Energy Other
Gulf offers relief for US oilfield services industry
The Arabian Gulf is offering US oilfield services companies, the engineering backbone of the oil and gas business, a respite from global trade upheaval and energy market uncertainty, according to industry experts.
Such companies typically provide the equipment, technology and knowhow necessary to find, drill and produce oil and gas. They are also the go-to engineers in hydrogen and emerging technologies such as carbon capture and storage.
Energy Transfer, Halliburton, SLB, Baker Hughes and others act as subcontractors for majors such as Exxon, Shell and TotalEnergies, and for state-owned oil companies such as Abu Dhabi’s Adnoc. Demand for their services is growing as some majors such as Shell and BP move back into hydrocarbons and away from ESG priorities.
In the Middle East and North Africa the oilfield services market is projected to expand from more than $43 billion in 2024 to $69.5 billion in 2032. That’s a roughly 6 percent compound annual rate, according to research cited by Brian Pieri, US-based founder of consultancy Energy Rogue.

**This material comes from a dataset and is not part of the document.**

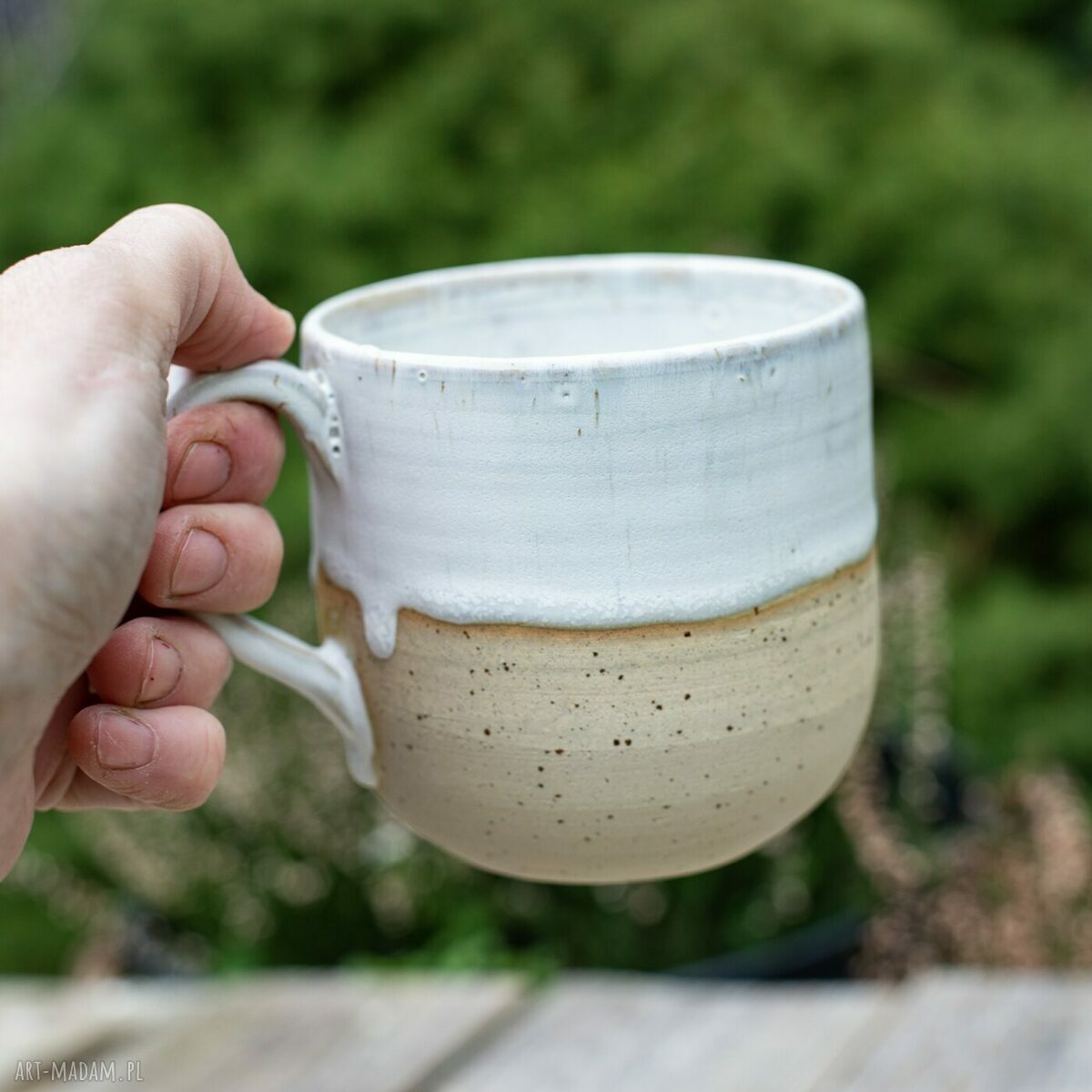 Handmade duży kubek ceramiczny Western - około 420 ml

The industry is also expected to grow globally but at a slower 3.4 percent, the research, from analysts VMR, said.
The outlook is clouded by US President Donald Trump’s tariff wars, which are affecting hydrocarbon demand worldwide. Oil prices – the major determinant of whether upstream projects are viable – are hovering in the low-to-mid-$60s per barrel amid Opec+’s unwinding of two-year-old output cuts.
The Trump factor is already impacting oilfield services in the US, Canada, Europe and Latin America, but not as much in the Gulf and Middle East, said Amr Wahby Mahmoud, head of Mena supply-chain research at Rystad Energy.
Production costs in the region remain among the lowest in the world and producers are better equipped to navigate price swings.
“From my perspective, the Middle East is almost like the cushion that doesn’t get affected by these global Opec cuts or surges,” Mahmoud said.
Baker Hughes’ latest count of active rigs for September, out earlier this month, had 739 onshore and offshore units up and running across North America. This was 69 fewer than the same time last year. The count is used as a predictor of oil and gas supply prospects.
In August, the US Energy Information Administration (EIA) reported the lowest level of crude oil and natural gas rotary rigs in operation in the US in nearly four years.
Upstream investments
The picture in the Middle East is mixed. Active rigs in the region stood at 511 in September, Baker Hughes found, up 10 from August but down 35 from a year earlier.
Pieri attributed the Middle East’s lead to upstream investments worth nearly $25 billion that have already been committed from 2021 to 2025, and national oil companies’ budgetary strength.
“We’re seeing a pivot from crude to gas and petrochemicals,” Pieri said, citing expansions at projects such as Saudi Arabia’s Jafurah and Master Gas System, and Qatar’s North Field.
He said these will drive demand for compressors, pipeline services and digital automation, areas in which the oilfield services companies specialise: “Carbon capture and hydrogen are also moving from concept to reality as governments announce pilot hubs.”
Developments in renewable energy could land US oilfield services companies new contracts for infrastructure, monitoring and automation, Pieri said. In the long run, the emergence of local players could present the big US companies with tougher competition, he believes.
Most observers think overall engineering activity will stay steady as Opec+ gradually restores production and gas projects ramp up, he said.
But “more aggressive national industrial policies could encourage [national oil companies] to rely increasingly on locally owned service providers”, he said, predicting a possible rise of regional champions.
Competition is also coming from Chinese entrants in the region, according to Rystad Energy’s Mahmoud.
“A lot of Chinese competitors are coming into other countries, especially countries that have challenges in hiring leading-edge American companies,” he said, citing Iraq, Kuwait and Egypt.